Beschwerde vor dem Oberverwaltungsgericht möglich
Nach Angaben des Verwaltungsgerichts ist der Beschluss noch nicht rechtskräftig: Die Frau kann dagegen Beschwerde vor dem Niedersächsischen Oberverwaltungsgericht einlegen. Im April hatte die 18-Jährige zunächst eine Zulassung von der Schule erhalten. Das Gymnasium hatte diese Zulassung dann aber widerrufen, weil die Frau aus religiösen Gründen ihren sogenannten Niqab im Unterricht nicht abnehmen wollte. Die Frau hatte lediglich angeboten, ihn einmal vor einer weiblichen Schulmitarbeiterin abzunehmen, damit ihre Identität festgestellt werden kann. Unter einem Niqab versteht man einen Gesichtsschleier, der die Augen frei lässt – im Gegensatz zur Burka, einer traditionellen afghanischen Tracht. Bei ihr ist das komplette Gesicht der Trägerin verschleiert.

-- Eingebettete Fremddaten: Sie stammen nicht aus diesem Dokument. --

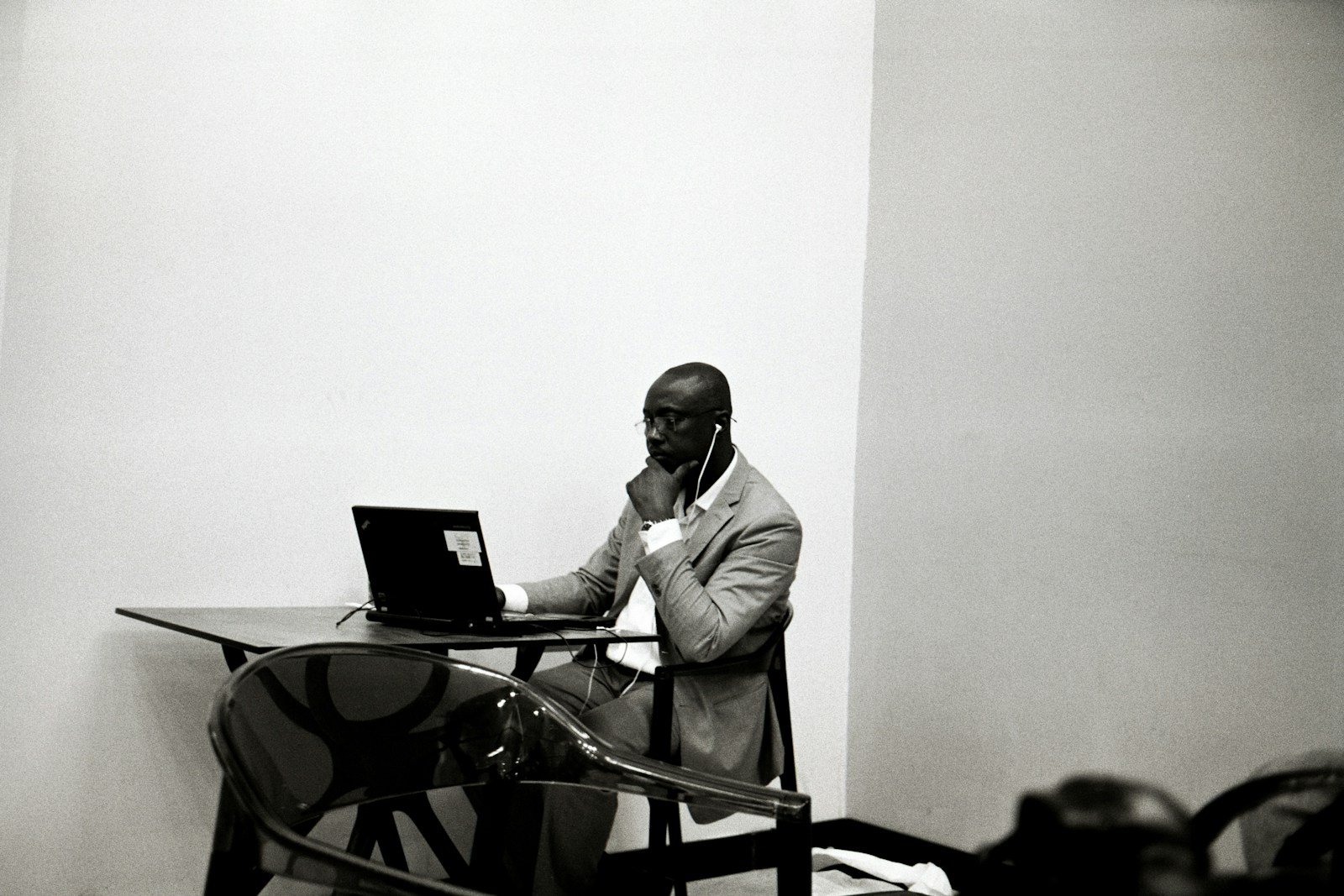 a man sitting at a table using a laptop computer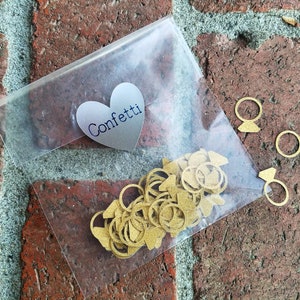 May include: A clear plastic bag filled with gold confetti shaped like rings. The bag has a silver heart-shaped sticker with the word "Confetti" printed on it.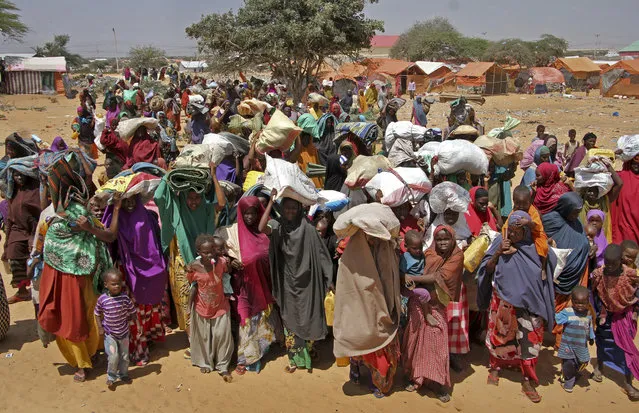 Somalis displaced by the drought, arrive at makeshift camps in the Tabelaha area on the outskirts of Mogadishu, Somalia Thursday, March 30, 2017. Somalia's current drought is threatening half of the country's population, or about 6 million people, and is joined by similar hunger crises in South Sudan, northeastern Nigeria and Yemen, which together make up what the United Nations calls the world's largest humanitarian disaster in more than 70 years. (Photo by Farah Abdi Warsameh/AP Photo)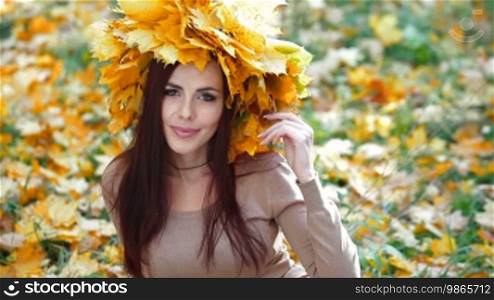 Young attractive woman enjoying autumn day in the park, looking at camera, medium shot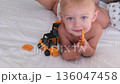 A little boy of one year old with blond hair and blue eyes lies on a bed and chews a toy looking at the camera. High quality 4k footage 136047458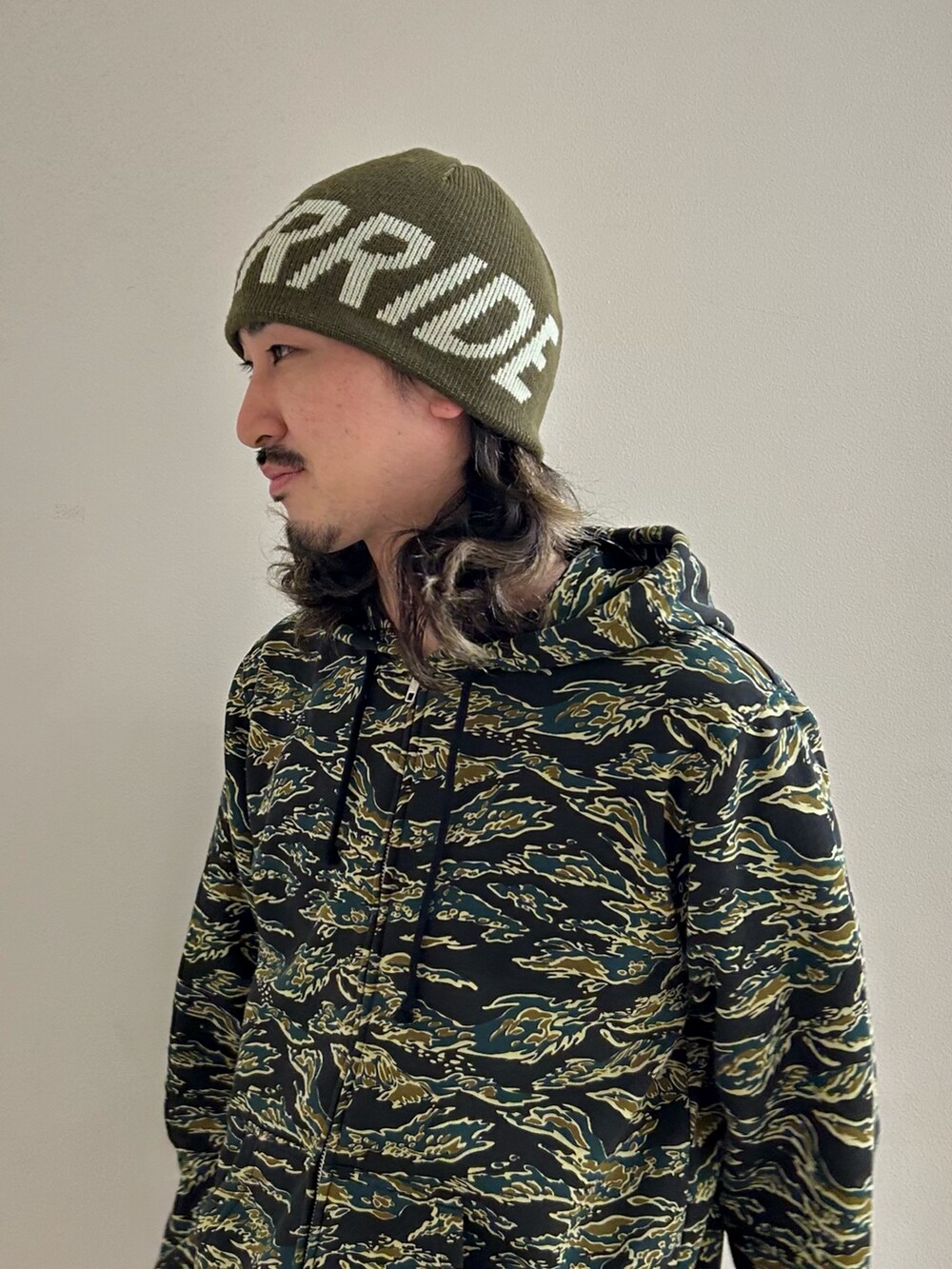 グリーン系のニットキャップ/ビーニーを着用したメンズの冬コーディネートの3枚目の写真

Mitschüler teilen Ansicht der Schulleitung
Die Schüler selbst teilen offenbar überwiegend die ablehnende Haltung ihrer Schulleitung. „Ein Kopftuch ist hier voll okay. Aber so ein Schleier, der nur einen kleinen Schlitz für die Augen lässt, das ist ja wie eine Vermummung“, sagte die 20-jährige Linda Rosenthal dem Evangelischen Pressedienst. Das Thema sei Schulgespräch, wobei die Mehrheit der Schüler das auch so sieht.
In den ersten Tagen nach den Sommerferien sei die junge Frau mit Niqab in die Schule gekommen, erzählt der 25-jährige Stephan Schlegel: „Das ist unpersönlich. Man weiß ja gar nicht, mit wem man spricht.“ Auch die Niedersächsische Landesschulbehörde hatte im Vorfeld des Prozesses die Position der Schule gestützt. Eine Behördensprecherin erklärte, der Staat könne seinem Bildungsauftrag bei verschleierten Schülern nicht nachkommen. Eine offene Kommunikation, zu der neben dem gesprochenen Wort auch Mimik und Körpersprache zählten, seien mit einem Gesichtsschleier nicht möglich. Für das Verwaltungsgericht Osnabrück war das Verfahren das erste dieser Art – es seien aber noch weitere anhängig, so eine Sprecherin.
CDU-Innenminister gegen Vollverschleierung
Traditionelle muslimische Kleidung sorgt immer wieder für Debatten in Deutschland. Erst jüngst hatten sich die Innenminister der Union für ein Verschleierungsverbot ausgesprochen. Demnach sollen die Burka und andere Kleidungsstücke, die das Gesicht verdecken, in Teilen des öffentlichen Lebens verboten werden – unter anderem am Steuer eines Autos, bei Behördengängen, in Schulen und Universitäten. Verstöße sollen als Ordnungswidrigkeit geahndet werden. Niedersachsens Innenminister Boris Pistorius (SPD) hat die Ministerkollegen für den Vorstoß kritisiert. Sie erweckten den Eindruck, dass eine Vollverschleierung ein Sicherheitsproblem sei, sagte Pistorius. Trotzdem hält Pistorius ein Burka-Verbot in bestimmten Bereichen für sinnvoll.